▶ [Requirement] Every line of the data below needs to be reproduced exactly.

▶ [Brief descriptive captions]
● ● ●
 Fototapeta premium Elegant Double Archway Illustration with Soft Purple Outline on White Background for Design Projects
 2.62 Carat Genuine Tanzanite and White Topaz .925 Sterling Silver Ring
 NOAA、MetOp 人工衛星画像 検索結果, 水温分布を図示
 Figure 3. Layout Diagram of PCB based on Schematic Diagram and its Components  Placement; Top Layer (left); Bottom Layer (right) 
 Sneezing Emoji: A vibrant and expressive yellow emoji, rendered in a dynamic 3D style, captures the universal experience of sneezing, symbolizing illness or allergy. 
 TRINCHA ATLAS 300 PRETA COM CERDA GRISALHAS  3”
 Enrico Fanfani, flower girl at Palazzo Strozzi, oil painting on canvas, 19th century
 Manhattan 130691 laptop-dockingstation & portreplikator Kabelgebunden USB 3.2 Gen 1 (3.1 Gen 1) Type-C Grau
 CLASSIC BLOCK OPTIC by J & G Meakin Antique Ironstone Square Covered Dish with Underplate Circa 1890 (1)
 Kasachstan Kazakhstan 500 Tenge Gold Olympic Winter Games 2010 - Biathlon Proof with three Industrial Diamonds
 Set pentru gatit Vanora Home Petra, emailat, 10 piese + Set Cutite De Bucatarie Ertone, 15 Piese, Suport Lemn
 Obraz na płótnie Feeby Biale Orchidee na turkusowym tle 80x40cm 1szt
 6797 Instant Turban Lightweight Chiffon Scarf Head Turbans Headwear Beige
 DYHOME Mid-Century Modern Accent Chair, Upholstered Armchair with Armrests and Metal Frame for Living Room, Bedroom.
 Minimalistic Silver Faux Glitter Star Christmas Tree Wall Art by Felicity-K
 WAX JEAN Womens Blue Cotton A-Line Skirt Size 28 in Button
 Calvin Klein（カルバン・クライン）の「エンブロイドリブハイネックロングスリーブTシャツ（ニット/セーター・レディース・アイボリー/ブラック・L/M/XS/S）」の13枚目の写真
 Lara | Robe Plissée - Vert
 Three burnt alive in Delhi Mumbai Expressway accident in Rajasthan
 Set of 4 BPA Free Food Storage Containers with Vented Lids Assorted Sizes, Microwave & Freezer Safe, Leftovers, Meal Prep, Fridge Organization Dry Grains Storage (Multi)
● ● ●
▶ [Exercise answer]
 Fototapeta premium Elegant Double Archway Illustration with Soft Purple Outline on White Background for Design Projects
 2.62 Carat Genuine Tanzanite and White Topaz .925 Sterling Silver Ring
 NOAA、MetOp 人工衛星画像 検索結果, 水温分布を図示
 Figure 3. Layout Diagram of PCB based on Schematic Diagram and its Components  Placement; Top Layer (left); Bottom Layer (right) 
 Sneezing Emoji: A vibrant and expressive yellow emoji, rendered in a dynamic 3D style, captures the universal experience of sneezing, symbolizing illness or allergy. 
 TRINCHA ATLAS 300 PRETA COM CERDA GRISALHAS  3”
 Enrico Fanfani, flower girl at Palazzo Strozzi, oil painting on canvas, 19th century
 Manhattan 130691 laptop-dockingstation & portreplikator Kabelgebunden USB 3.2 Gen 1 (3.1 Gen 1) Type-C Grau
 CLASSIC BLOCK OPTIC by J & G Meakin Antique Ironstone Square Covered Dish with Underplate Circa 1890 (1)
 Kasachstan Kazakhstan 500 Tenge Gold Olympic Winter Games 2010 - Biathlon Proof with three Industrial Diamonds
 Set pentru gatit Vanora Home Petra, emailat, 10 piese + Set Cutite De Bucatarie Ertone, 15 Piese, Suport Lemn
 Obraz na płótnie Feeby Biale Orchidee na turkusowym tle 80x40cm 1szt
 6797 Instant Turban Lightweight Chiffon Scarf Head Turbans Headwear Beige
 DYHOME Mid-Century Modern Accent Chair, Upholstered Armchair with Armrests and Metal Frame for Living Room, Bedroom.
 Minimalistic Silver Faux Glitter Star Christmas Tree Wall Art by Felicity-K
 WAX JEAN Womens Blue Cotton A-Line Skirt Size 28 in Button
 Calvin Klein（カルバン・クライン）の「エンブロイドリブハイネックロングスリーブTシャツ（ニット/セーター・レディース・アイボリー/ブラック・L/M/XS/S）」の13枚目の写真
 Lara | Robe Plissée - Vert
 Three burnt alive in Delhi Mumbai Expressway accident in Rajasthan
 Set of 4 BPA Free Food Storage Containers with Vented Lids Assorted Sizes, Microwave & Freezer Safe, Leftovers, Meal Prep, Fridge Organization Dry Grains Storage (Multi)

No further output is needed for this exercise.